WHAT IS EXPECTED:
Only the pictures are dropped. Restate each line below word for word.
>>>>
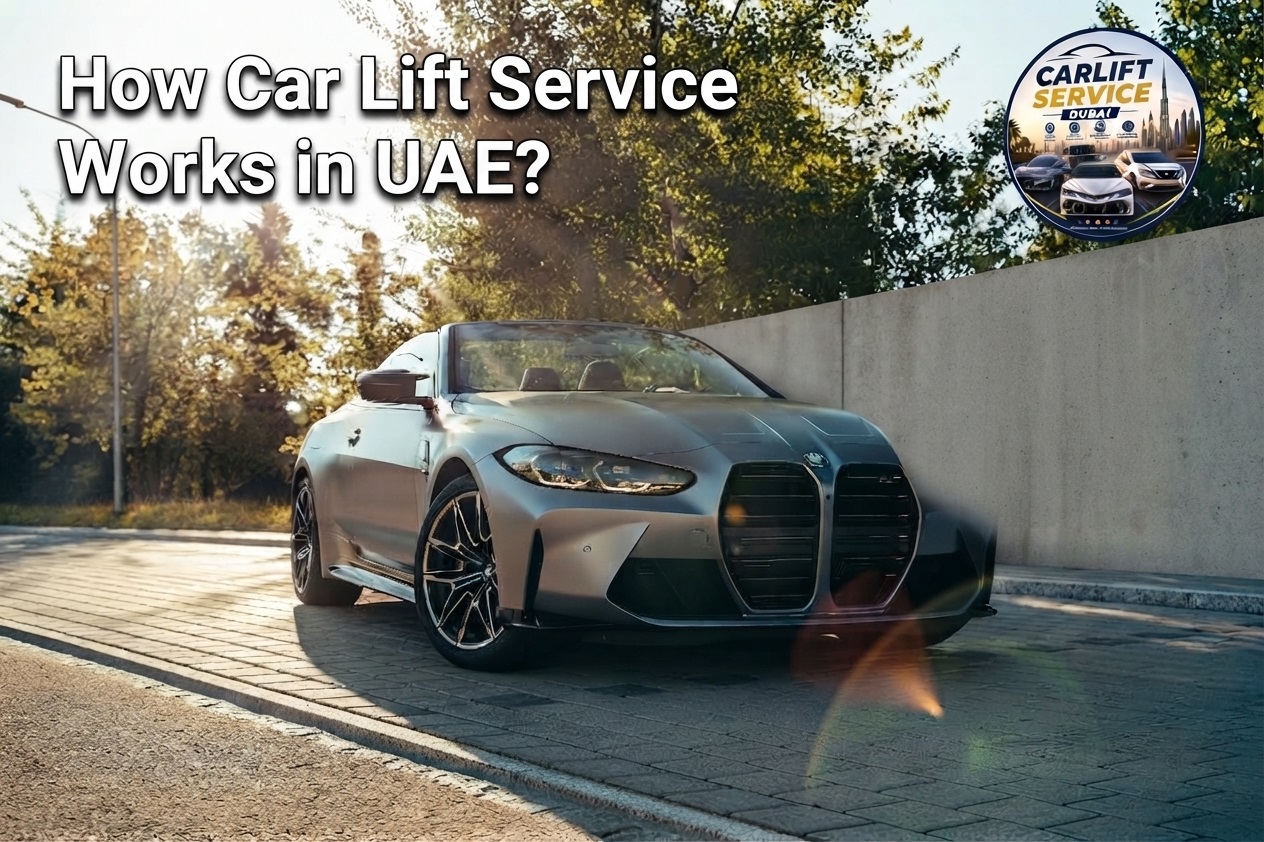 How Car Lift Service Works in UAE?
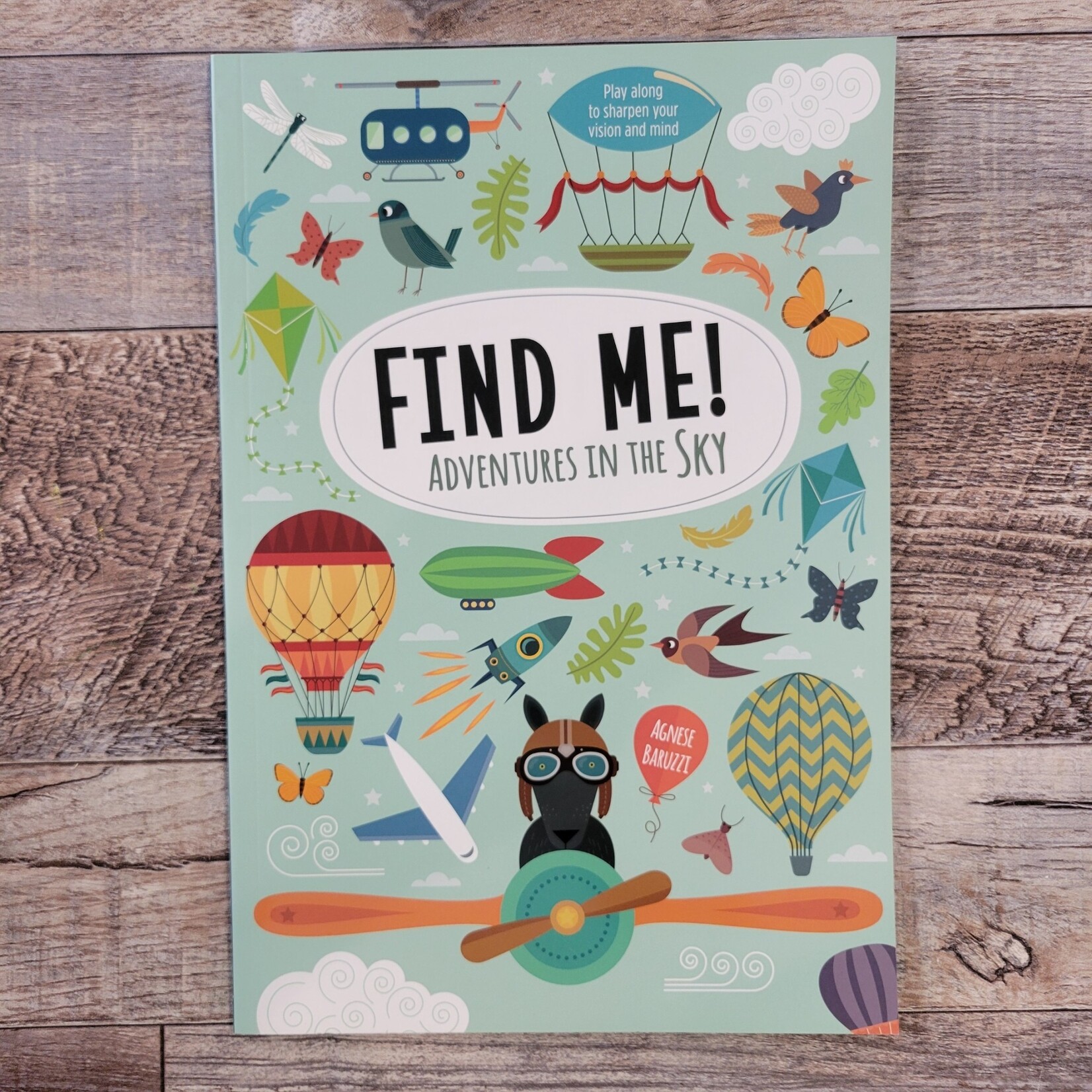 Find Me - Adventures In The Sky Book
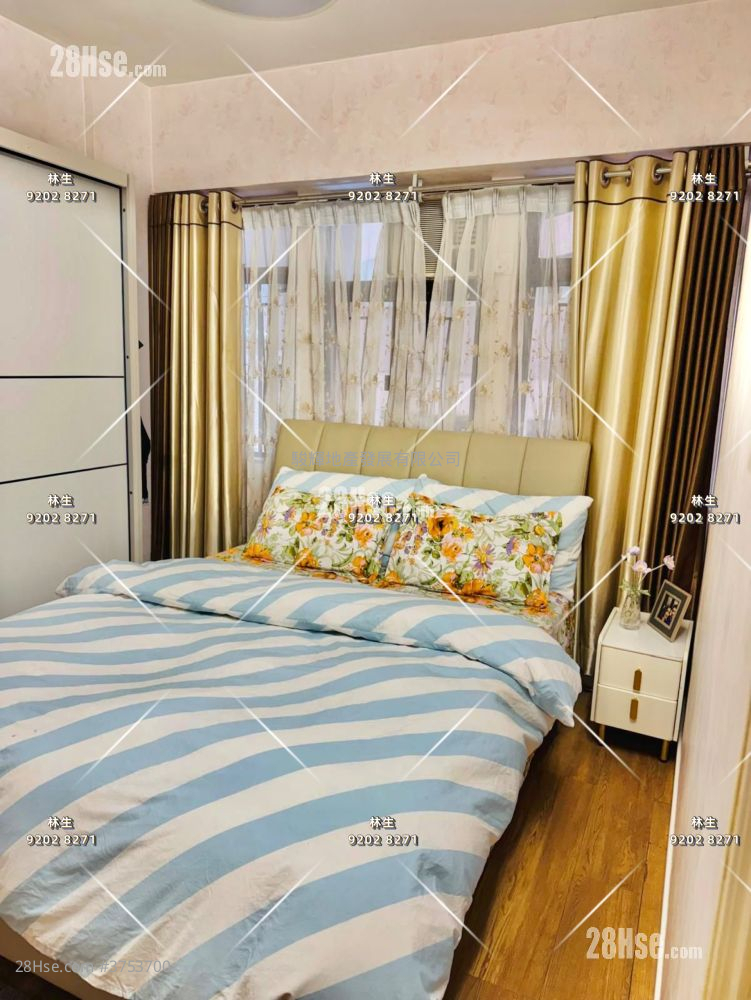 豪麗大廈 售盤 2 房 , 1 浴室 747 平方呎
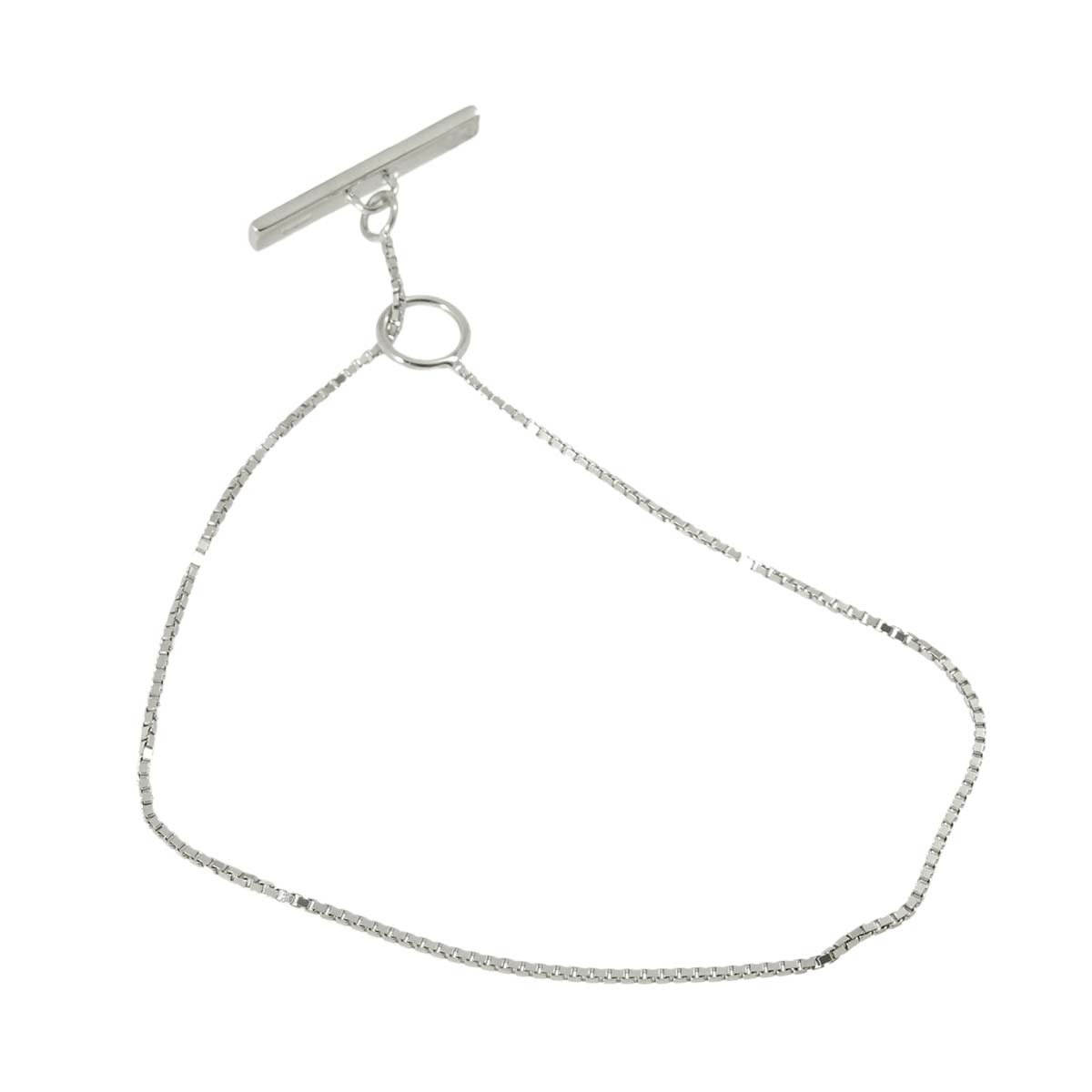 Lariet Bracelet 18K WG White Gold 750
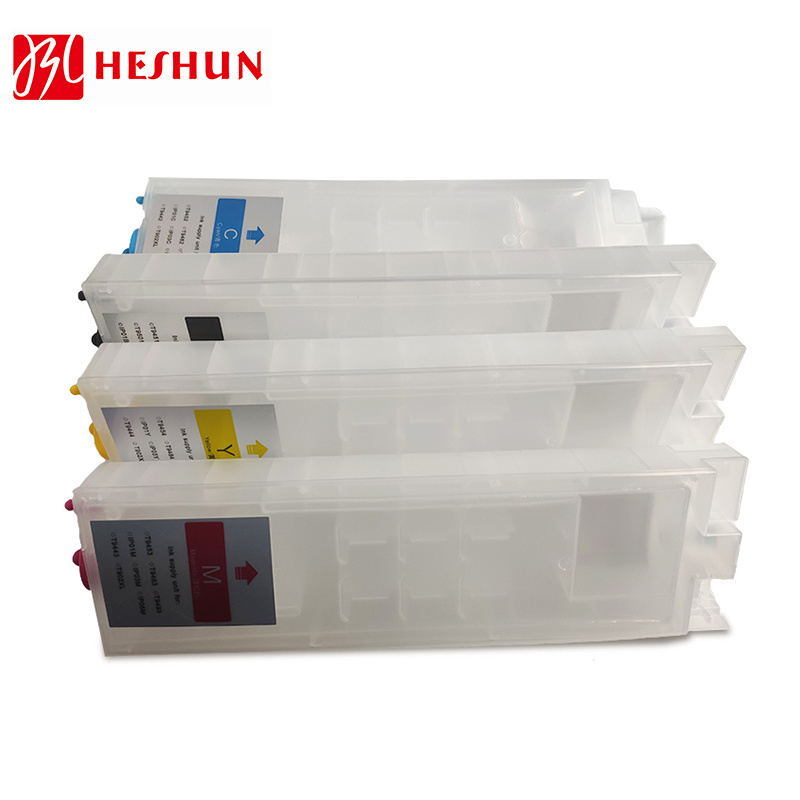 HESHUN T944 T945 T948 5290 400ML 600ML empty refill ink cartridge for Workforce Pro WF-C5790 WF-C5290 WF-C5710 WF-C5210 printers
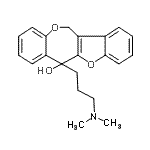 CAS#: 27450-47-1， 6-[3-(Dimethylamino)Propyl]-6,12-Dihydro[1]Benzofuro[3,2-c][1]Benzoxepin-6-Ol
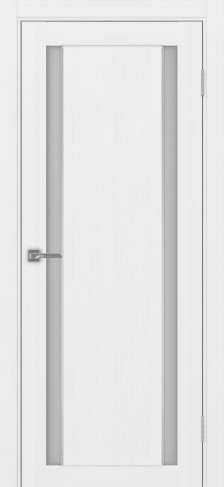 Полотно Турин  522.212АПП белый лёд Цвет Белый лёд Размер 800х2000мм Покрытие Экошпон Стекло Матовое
<<<<
ANSWER TO THE EXERCISE:
 How Car Lift Service Works in UAE?
 Find Me - Adventures In The Sky Book
 豪麗大廈 售盤 2 房 , 1 浴室 747 平方呎
 Lariet Bracelet 18K WG White Gold 750
 HESHUN T944 T945 T948 5290 400ML 600ML empty refill ink cartridge for Workforce Pro WF-C5790 WF-C5290 WF-C5710 WF-C5210 printers
 CAS#: 27450-47-1， 6-[3-(Dimethylamino)Propyl]-6,12-Dihydro[1]Benzofuro[3,2-c][1]Benzoxepin-6-Ol
 Полотно Турин  522.212АПП белый лёд Цвет Белый лёд Размер 800х2000мм Покрытие Экошпон Стекло Матовое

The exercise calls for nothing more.